But Levy spectacularly misses the point. The reason for the collapse of the Israeli left is that the multi-culturalist, third-worldist assumptions that sustained it have taken a 10 year beating from which they were never going to recover. Ever since Barak’s peace offers, brokered by Bill Clinton in 2000 and 2001, were flatly rejected by the “moderate” Palestinian leadership in favour of violence and rejectionsim the core argument of the Israeli left that the Palestinian cause was based on legitimate grievances that could be addressed via the “land for peace” formula simply lacked credibility inside the Israeli electorate. And given that social populism — another facet of left-wing parties — is now almost as much a feature of several other parties in Israel, the Labor Party simply found itself with nothing to offer. Its implosion was thus inevitable.

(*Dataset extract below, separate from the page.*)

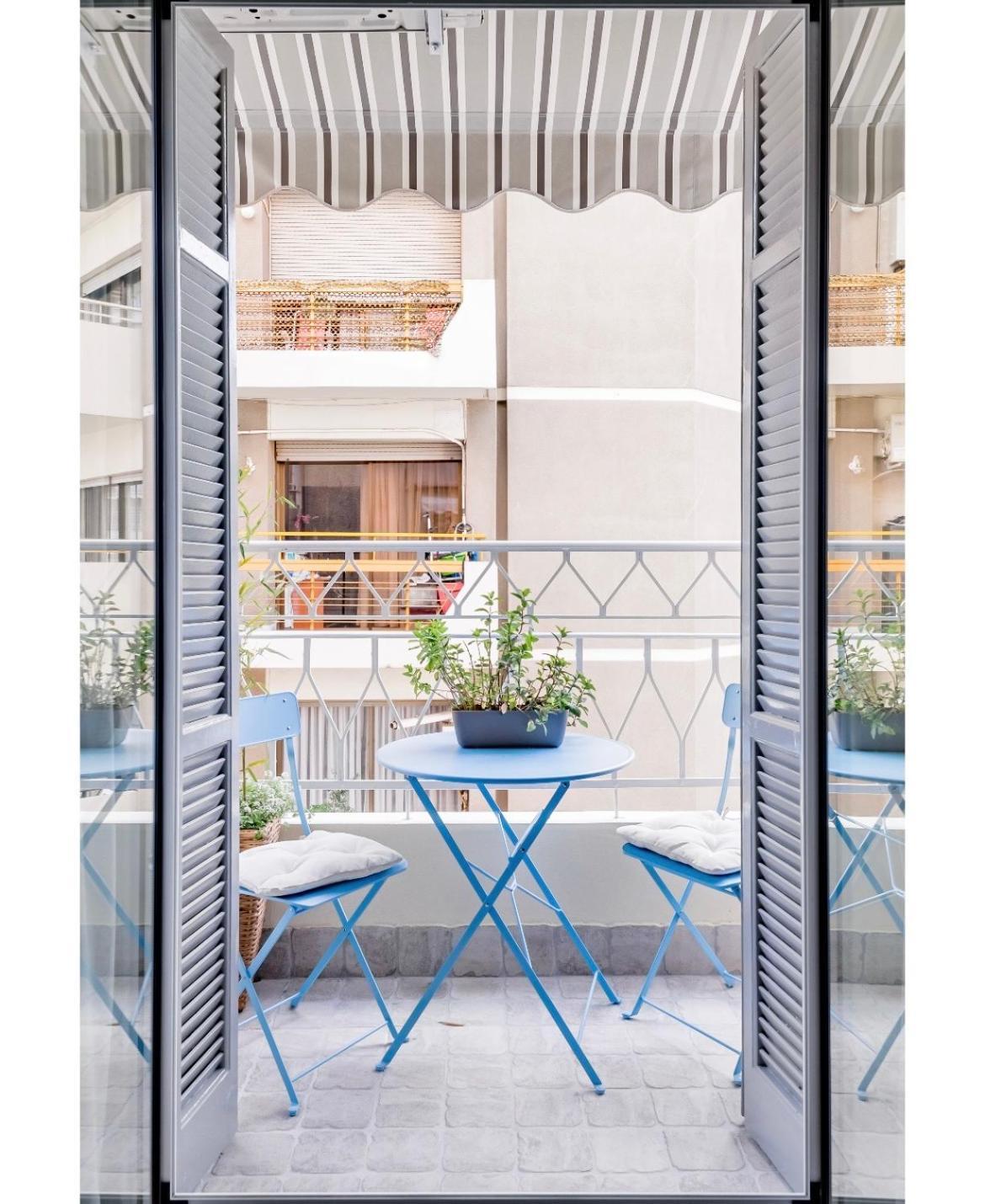 Blue City Center Boutique Apartment Tesalonika Bagian luar foto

Apart from his inability to get the point, it is Levy’s implicit assumption that Israel is now inferior to other western democracies that really speaks to the paucity of his analytical framework.


For what applies in Israel is surely an augury of what is coming elsewhere in the West. Europe in particular is creaking under the strain of multiculturalist agendas that look less and less sustainable as the years go by. As the trial of Geert Wilders — the first political trial in post-Cold War Europe — for insulting Islam in the Netherlands illustrates all too clearly, it is now ever harder to argue that the assumptions of multi-culturalism are truly compatible with sustainable democratic societies. The collapse of self-belief that multi-culturalism implies, and the concomitant strategy of appeasement that it tends to bring with it, weaken western democracies to the point of collapse.

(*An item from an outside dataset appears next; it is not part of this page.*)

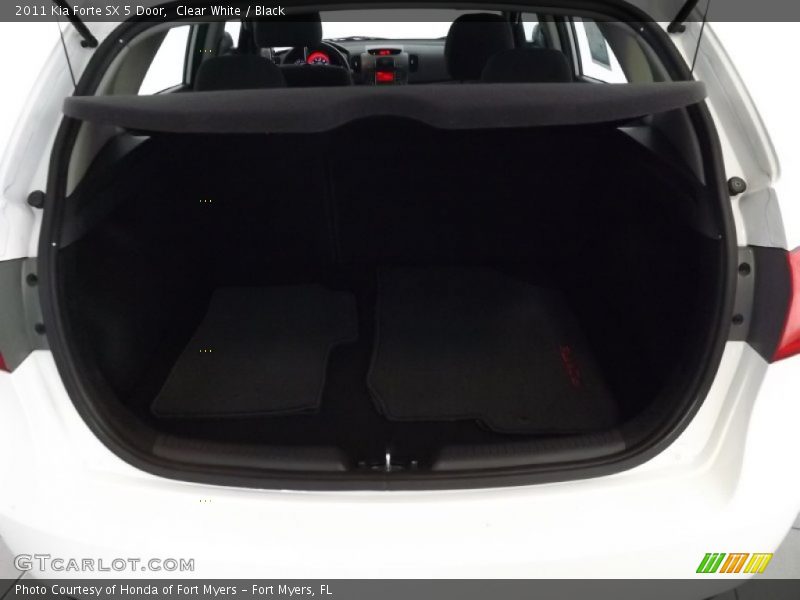  2011 Forte SX 5 Door Trunk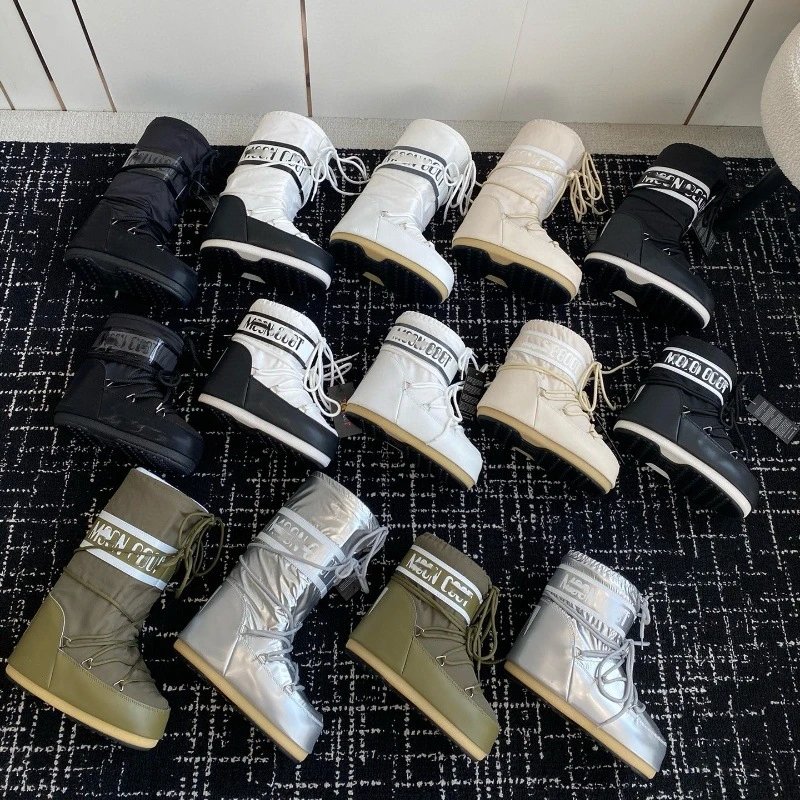 MOON BOOT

Europe does not yet face the kind of security and identity challenges faced by Israel. But Israel illustrates those challenges in bold relief. What Levy doesn’t like about Barak is that the former prime minister has finally accepted what all the available evidence has been pointing to for years: the third-worldist, multiculturalist ideology which sustained the Israeli Left for far too long is flawed and dangerous. As the front line state in a wider civilisational struggle Israel, once again, leads the way.